You can’t be serious, said Paul Ingrassia in The Wall Street Journal. Since Wagoner assumed control a decade ago, GM’s market share went from 28 percent to 22 percent, and its stock price has plummeted from $70 a share to under $3. He bet heavily on gas-guzzling SUVs and pickup trucks just as gas prices rose, and failed to shut down any of GM’s redundant brands. “Business executives are supposed to be hard-nosed realists, but we heard more realism from Mr. Obama this week than we’ve heard from Detroit in years.”

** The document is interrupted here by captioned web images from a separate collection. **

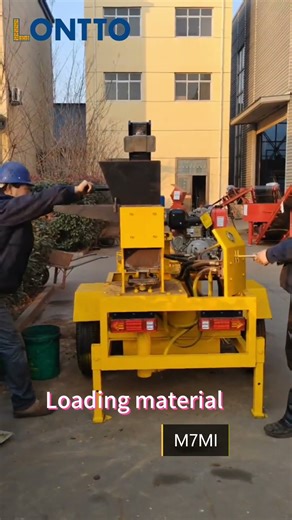 LONTTO Brand M7MI clay interlocking brick machine.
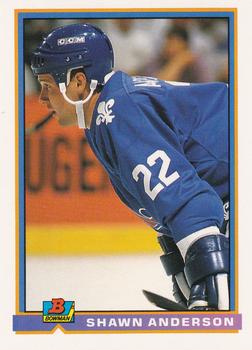 1991-92 Bowman #147 Shawn Anderson Front
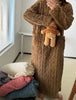 Marcatino™ | Winter Knusse Koraal Fluwelen Jurk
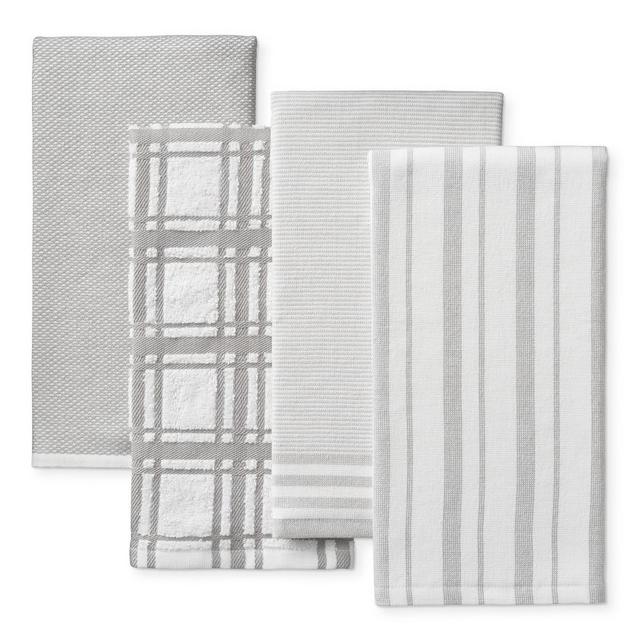 Williams Sonoma Absorbent Dishcloths, Set of 4, Drizzle Grey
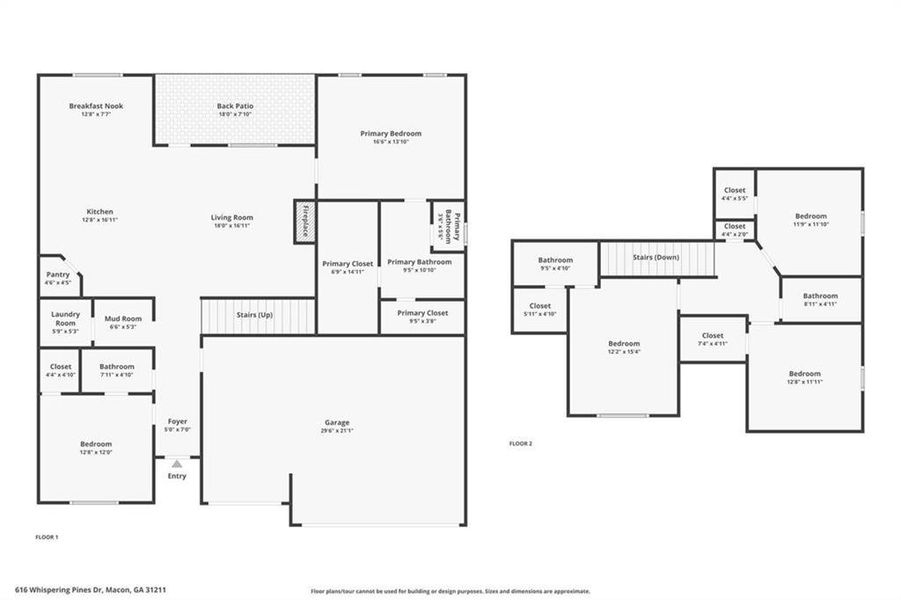 2D floor plan layout of this home in , Macon, GA (Image 6).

But if Obama is suddenly so hard on Detroit, said Andrew Leonard in Salon.com, why has the president been “so soft on Wall Street?” My guess is that Obama knows the public is fed up, and is trying out a new get-tough stance on the auto companies, in preparation for giving ultimatums to the most troubled banks and financial institutions, such as Citigroup, Bank of America, and AIG. Watch out, Wall Street: “The big reckoning is still coming.”
What next?
GM’s new CEO, Fritz Henderson, said this week that it was “more probable” now that the company would end up in bankruptcy. The company that emerges, whether as a result of that process or of independent restructuring, will be significantly smaller than the current one, said Bill Vlasic and Nick Bunkley in The New York Times. Tens of thousands of jobs will be cut, retired autoworkers will lose some of their benefits, thousands of dealerships will be closed, and brands such as Hummer, Saturn, Buick, Pontiac, and GMC will be downsized or eliminated.